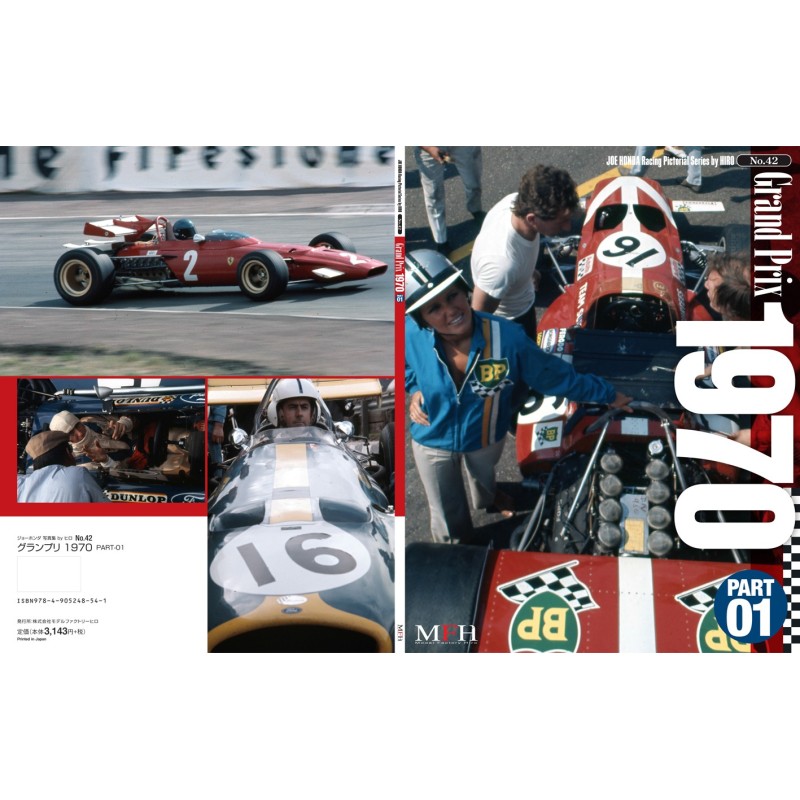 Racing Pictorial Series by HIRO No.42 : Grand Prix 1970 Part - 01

--

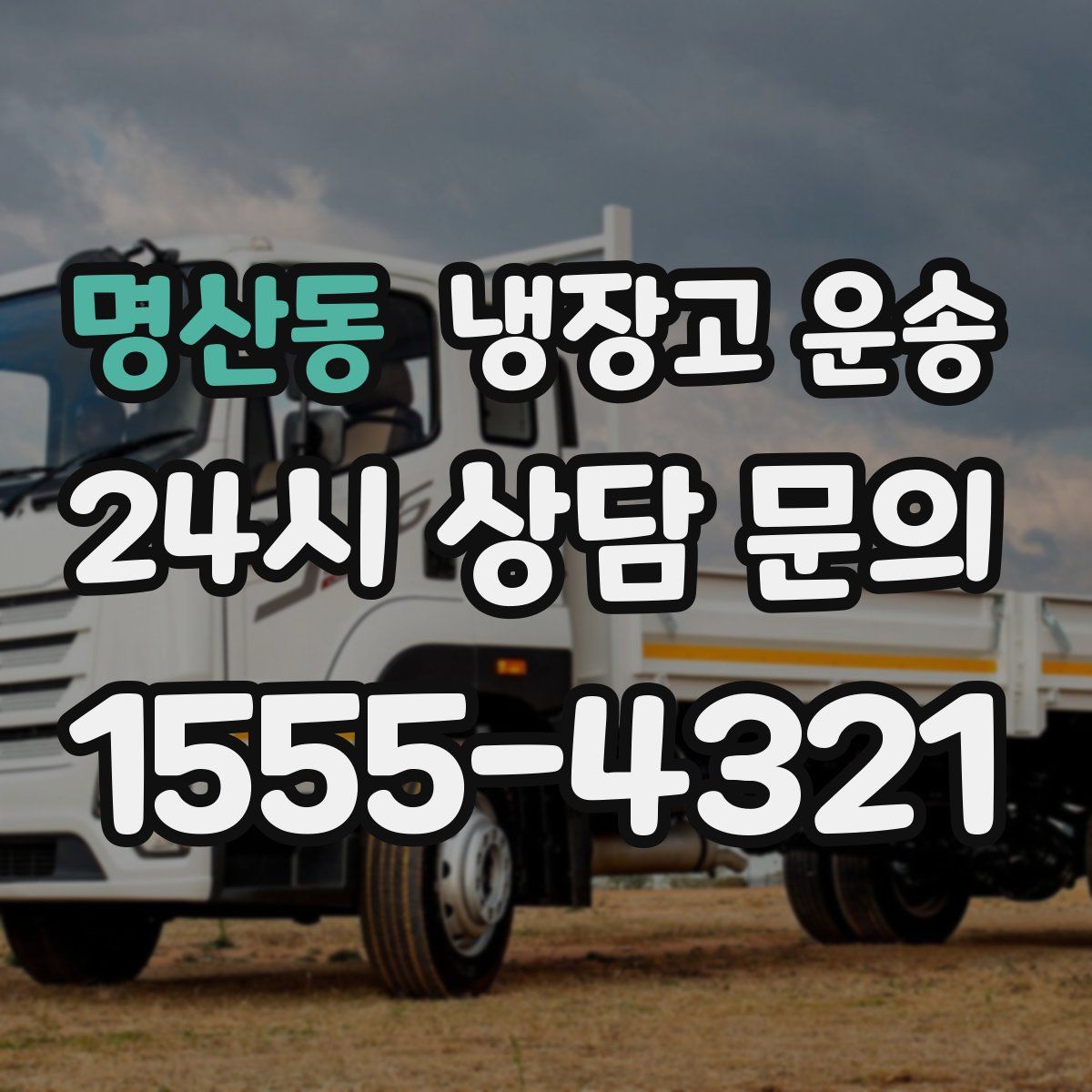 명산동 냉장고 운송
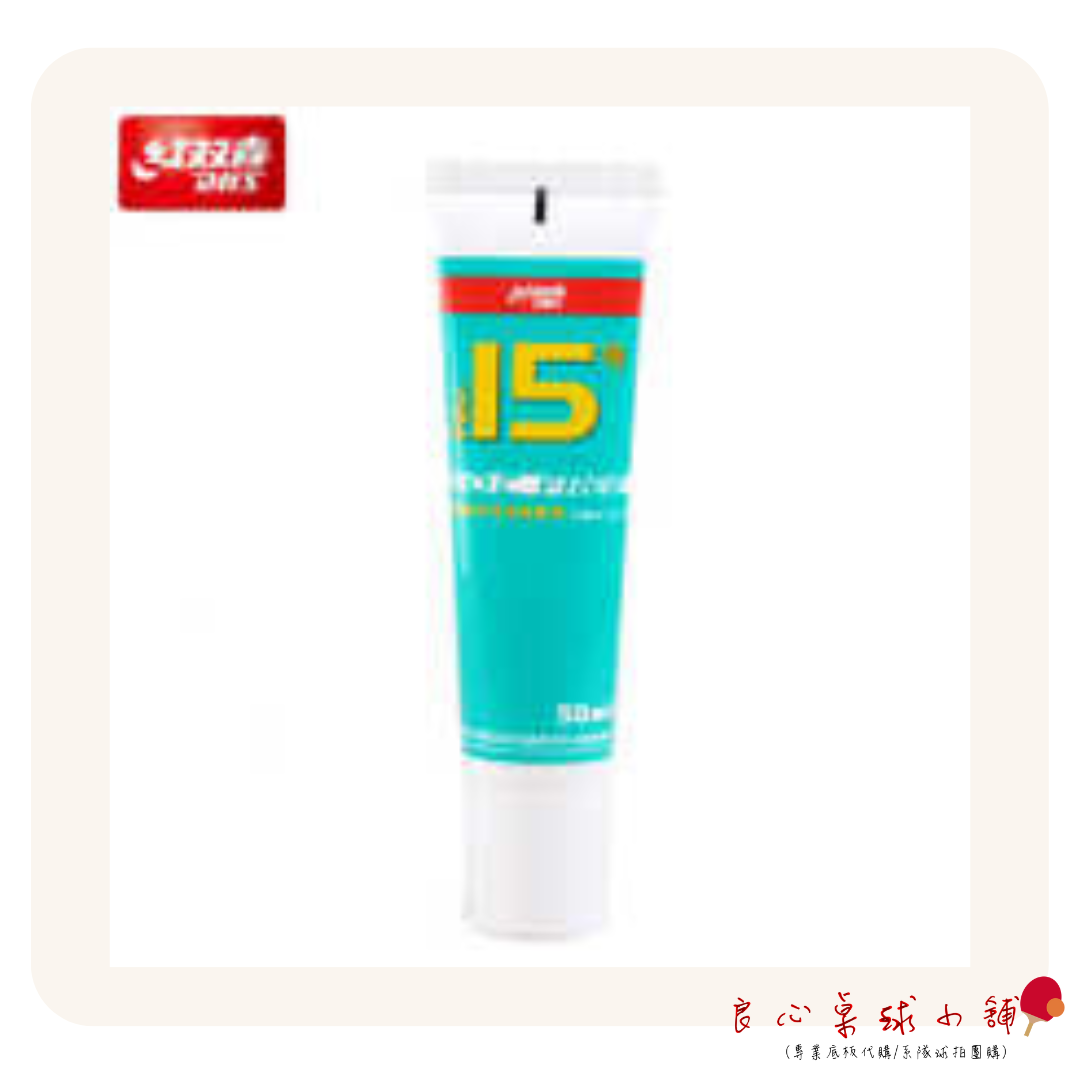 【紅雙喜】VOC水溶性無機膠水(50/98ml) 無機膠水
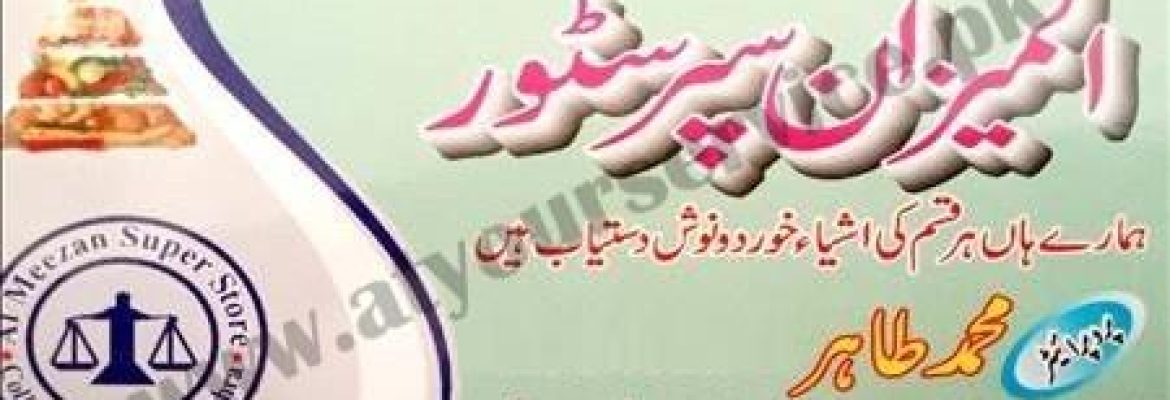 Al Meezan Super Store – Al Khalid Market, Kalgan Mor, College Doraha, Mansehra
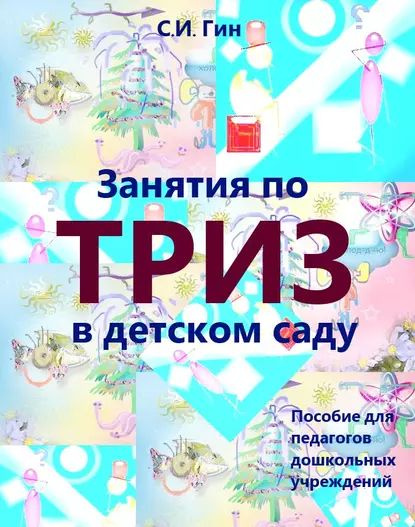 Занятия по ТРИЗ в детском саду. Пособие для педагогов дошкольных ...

## TASK STATEMENT:
Could you output exactly the lines above, from the line with "Al Meezan Super" up to and including the line with "Занятия по ТРИЗ", and nothing else, skipping the pictures?

## RESULT BELOW:
 Al Meezan Super Store – Al Khalid Market, Kalgan Mor, College Doraha, Mansehra
 Занятия по ТРИЗ в детском саду. Пособие для педагогов дошкольных ...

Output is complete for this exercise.